## YOUR ASSIGNMENT
Only one span of the listing below is wanted: the lines from the one with "雕刻|玉赏 | 三色翡翠镯芯雕刻禅意圆牌，起货效果让人一见倾心！" through the one with "Photo 12 from", reproduced exactly, both ends kept.

## DATASET RECORDS

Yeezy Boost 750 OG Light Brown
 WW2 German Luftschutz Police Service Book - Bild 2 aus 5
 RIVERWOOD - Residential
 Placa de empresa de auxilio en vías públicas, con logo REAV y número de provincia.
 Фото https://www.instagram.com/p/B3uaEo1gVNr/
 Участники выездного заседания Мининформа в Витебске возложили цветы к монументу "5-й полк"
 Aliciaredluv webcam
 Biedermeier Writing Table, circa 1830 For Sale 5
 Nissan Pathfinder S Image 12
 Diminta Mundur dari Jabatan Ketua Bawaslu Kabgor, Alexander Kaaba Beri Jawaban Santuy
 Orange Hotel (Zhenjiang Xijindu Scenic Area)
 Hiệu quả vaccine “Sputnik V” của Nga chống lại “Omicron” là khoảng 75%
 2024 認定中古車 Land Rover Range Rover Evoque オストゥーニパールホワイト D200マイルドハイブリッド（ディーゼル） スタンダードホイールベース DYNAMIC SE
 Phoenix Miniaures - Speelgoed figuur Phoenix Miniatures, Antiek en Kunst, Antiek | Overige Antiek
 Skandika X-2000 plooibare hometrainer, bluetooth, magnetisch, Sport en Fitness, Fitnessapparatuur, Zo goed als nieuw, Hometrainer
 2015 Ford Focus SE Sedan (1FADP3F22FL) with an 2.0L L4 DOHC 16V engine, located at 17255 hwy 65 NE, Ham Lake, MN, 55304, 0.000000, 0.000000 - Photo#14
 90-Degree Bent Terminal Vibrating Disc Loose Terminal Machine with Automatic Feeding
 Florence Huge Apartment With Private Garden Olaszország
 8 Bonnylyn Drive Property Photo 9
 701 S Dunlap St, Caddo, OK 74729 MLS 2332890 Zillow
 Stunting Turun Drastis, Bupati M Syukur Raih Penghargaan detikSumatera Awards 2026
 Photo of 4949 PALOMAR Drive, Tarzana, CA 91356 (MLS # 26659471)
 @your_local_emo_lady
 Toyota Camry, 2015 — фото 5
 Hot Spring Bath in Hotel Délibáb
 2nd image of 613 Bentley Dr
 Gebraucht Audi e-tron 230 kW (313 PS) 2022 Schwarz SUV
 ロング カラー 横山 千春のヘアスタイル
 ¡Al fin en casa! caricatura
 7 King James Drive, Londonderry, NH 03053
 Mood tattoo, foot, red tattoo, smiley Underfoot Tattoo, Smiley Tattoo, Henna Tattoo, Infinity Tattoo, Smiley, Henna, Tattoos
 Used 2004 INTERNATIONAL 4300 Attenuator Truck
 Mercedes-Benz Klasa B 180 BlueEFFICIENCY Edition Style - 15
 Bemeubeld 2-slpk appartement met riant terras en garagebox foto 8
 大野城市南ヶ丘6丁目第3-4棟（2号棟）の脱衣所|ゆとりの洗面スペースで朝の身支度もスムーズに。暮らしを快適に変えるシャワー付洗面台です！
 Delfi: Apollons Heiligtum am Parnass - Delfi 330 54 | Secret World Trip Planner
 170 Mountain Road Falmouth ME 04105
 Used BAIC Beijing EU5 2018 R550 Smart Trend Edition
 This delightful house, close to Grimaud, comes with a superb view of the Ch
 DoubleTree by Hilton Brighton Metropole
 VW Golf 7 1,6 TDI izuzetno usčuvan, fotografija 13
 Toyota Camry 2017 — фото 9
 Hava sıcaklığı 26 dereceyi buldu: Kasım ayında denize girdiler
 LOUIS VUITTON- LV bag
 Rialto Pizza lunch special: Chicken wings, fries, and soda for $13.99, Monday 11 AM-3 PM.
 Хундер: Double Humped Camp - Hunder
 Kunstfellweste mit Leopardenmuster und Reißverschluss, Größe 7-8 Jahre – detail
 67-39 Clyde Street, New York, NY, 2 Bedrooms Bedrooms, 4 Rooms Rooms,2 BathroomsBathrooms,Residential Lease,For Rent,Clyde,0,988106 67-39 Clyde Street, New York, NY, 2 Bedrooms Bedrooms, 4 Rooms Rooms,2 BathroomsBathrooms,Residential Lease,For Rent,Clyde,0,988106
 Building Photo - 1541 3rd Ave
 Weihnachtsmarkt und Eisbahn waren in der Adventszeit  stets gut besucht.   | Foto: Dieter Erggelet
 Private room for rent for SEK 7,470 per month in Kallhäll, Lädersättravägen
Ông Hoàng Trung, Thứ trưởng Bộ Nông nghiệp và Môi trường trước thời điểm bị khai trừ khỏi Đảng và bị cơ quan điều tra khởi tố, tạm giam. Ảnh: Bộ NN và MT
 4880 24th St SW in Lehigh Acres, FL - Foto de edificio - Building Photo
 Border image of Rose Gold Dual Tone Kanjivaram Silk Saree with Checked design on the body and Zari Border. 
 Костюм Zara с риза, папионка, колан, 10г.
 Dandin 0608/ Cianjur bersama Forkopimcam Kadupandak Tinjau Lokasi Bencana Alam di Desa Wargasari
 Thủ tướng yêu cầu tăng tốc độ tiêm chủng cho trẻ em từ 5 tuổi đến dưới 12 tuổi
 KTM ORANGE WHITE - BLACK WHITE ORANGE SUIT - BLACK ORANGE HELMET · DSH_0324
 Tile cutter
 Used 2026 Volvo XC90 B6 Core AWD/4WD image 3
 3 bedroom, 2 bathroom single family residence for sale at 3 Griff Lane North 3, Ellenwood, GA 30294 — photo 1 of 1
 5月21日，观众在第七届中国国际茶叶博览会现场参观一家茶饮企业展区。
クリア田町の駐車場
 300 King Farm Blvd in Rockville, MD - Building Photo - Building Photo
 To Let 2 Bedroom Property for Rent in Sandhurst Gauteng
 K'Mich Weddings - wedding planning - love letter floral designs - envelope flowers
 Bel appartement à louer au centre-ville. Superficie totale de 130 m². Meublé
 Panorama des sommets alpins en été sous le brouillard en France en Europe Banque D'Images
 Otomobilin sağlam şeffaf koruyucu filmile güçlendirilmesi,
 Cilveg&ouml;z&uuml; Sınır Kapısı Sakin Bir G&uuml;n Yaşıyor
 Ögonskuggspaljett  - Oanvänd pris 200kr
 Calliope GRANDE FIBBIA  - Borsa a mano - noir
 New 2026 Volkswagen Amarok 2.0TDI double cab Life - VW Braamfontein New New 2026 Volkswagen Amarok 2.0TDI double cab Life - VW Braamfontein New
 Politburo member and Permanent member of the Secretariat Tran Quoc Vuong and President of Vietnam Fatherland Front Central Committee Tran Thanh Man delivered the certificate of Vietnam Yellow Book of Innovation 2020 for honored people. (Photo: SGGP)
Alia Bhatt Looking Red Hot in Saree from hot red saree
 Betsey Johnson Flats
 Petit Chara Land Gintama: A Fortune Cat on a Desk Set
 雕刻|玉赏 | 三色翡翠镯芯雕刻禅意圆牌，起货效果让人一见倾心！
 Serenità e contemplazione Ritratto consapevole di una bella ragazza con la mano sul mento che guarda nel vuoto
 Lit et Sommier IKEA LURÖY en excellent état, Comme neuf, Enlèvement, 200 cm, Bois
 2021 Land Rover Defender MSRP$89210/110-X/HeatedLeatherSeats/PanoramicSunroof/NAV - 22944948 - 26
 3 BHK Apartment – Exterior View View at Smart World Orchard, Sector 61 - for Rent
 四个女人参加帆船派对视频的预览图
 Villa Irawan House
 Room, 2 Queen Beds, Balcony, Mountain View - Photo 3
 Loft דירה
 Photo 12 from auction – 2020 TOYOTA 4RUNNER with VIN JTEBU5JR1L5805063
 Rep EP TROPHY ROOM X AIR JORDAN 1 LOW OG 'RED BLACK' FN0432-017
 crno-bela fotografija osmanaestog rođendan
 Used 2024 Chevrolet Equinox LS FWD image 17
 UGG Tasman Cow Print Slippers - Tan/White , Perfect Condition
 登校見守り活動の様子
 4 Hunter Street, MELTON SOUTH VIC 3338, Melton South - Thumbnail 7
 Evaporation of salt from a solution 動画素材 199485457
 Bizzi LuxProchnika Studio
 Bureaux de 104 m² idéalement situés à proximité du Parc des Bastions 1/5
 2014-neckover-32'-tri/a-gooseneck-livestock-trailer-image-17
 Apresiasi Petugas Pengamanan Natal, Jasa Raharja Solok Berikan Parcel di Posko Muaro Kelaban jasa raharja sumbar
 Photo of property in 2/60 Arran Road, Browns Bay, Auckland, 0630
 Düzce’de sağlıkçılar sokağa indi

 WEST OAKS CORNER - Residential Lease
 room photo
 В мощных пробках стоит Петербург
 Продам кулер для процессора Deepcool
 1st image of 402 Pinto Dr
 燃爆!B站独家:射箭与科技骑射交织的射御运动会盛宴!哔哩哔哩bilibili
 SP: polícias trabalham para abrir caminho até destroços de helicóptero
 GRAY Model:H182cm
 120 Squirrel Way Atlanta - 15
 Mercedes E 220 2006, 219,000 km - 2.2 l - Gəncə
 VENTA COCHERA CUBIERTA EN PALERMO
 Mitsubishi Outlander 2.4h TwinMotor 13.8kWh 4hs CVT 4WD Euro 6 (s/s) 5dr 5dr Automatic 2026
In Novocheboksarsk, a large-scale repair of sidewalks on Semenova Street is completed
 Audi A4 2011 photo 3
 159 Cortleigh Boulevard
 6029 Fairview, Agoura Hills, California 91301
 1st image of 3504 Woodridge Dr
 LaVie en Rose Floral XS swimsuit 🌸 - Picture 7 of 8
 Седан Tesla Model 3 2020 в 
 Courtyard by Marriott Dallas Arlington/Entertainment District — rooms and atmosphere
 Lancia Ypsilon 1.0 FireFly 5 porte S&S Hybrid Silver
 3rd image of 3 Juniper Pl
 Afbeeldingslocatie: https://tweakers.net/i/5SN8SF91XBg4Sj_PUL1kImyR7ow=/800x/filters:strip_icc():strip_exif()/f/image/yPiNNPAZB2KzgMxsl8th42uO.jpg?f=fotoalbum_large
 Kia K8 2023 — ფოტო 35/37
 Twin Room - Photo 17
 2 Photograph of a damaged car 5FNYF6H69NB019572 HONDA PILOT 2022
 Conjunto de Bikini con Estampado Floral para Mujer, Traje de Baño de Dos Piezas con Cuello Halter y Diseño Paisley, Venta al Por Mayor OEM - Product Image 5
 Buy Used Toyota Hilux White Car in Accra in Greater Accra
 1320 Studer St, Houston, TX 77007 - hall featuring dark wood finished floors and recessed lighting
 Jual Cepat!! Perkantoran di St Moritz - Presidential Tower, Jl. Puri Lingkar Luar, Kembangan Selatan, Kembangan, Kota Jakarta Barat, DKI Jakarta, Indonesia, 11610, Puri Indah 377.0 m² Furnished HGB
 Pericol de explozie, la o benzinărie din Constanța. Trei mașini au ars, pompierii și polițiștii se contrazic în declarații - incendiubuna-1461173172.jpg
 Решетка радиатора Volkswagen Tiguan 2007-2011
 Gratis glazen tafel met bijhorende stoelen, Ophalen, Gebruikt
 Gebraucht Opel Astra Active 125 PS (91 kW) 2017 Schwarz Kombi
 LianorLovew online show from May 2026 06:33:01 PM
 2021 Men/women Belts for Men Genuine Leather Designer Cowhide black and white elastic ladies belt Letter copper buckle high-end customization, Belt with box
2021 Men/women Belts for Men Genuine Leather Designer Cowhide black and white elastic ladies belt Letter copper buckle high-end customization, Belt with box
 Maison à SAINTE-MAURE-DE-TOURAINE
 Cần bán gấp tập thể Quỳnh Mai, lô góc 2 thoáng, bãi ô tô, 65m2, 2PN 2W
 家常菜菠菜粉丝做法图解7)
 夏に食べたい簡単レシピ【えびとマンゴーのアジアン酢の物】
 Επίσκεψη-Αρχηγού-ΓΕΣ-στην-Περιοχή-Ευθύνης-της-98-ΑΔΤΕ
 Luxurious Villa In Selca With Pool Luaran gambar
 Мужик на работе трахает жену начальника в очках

## PROBLEM SOLUTION
 雕刻|玉赏 | 三色翡翠镯芯雕刻禅意圆牌，起货效果让人一见倾心！
 Serenità e contemplazione Ritratto consapevole di una bella ragazza con la mano sul mento che guarda nel vuoto
 Lit et Sommier IKEA LURÖY en excellent état, Comme neuf, Enlèvement, 200 cm, Bois
 2021 Land Rover Defender MSRP$89210/110-X/HeatedLeatherSeats/PanoramicSunroof/NAV - 22944948 - 26
 3 BHK Apartment – Exterior View View at Smart World Orchard, Sector 61 - for Rent
 四个女人参加帆船派对视频的预览图
 Villa Irawan House
 Room, 2 Queen Beds, Balcony, Mountain View - Photo 3
 Loft דירה
 Photo 12 from auction – 2020 TOYOTA 4RUNNER with VIN JTEBU5JR1L5805063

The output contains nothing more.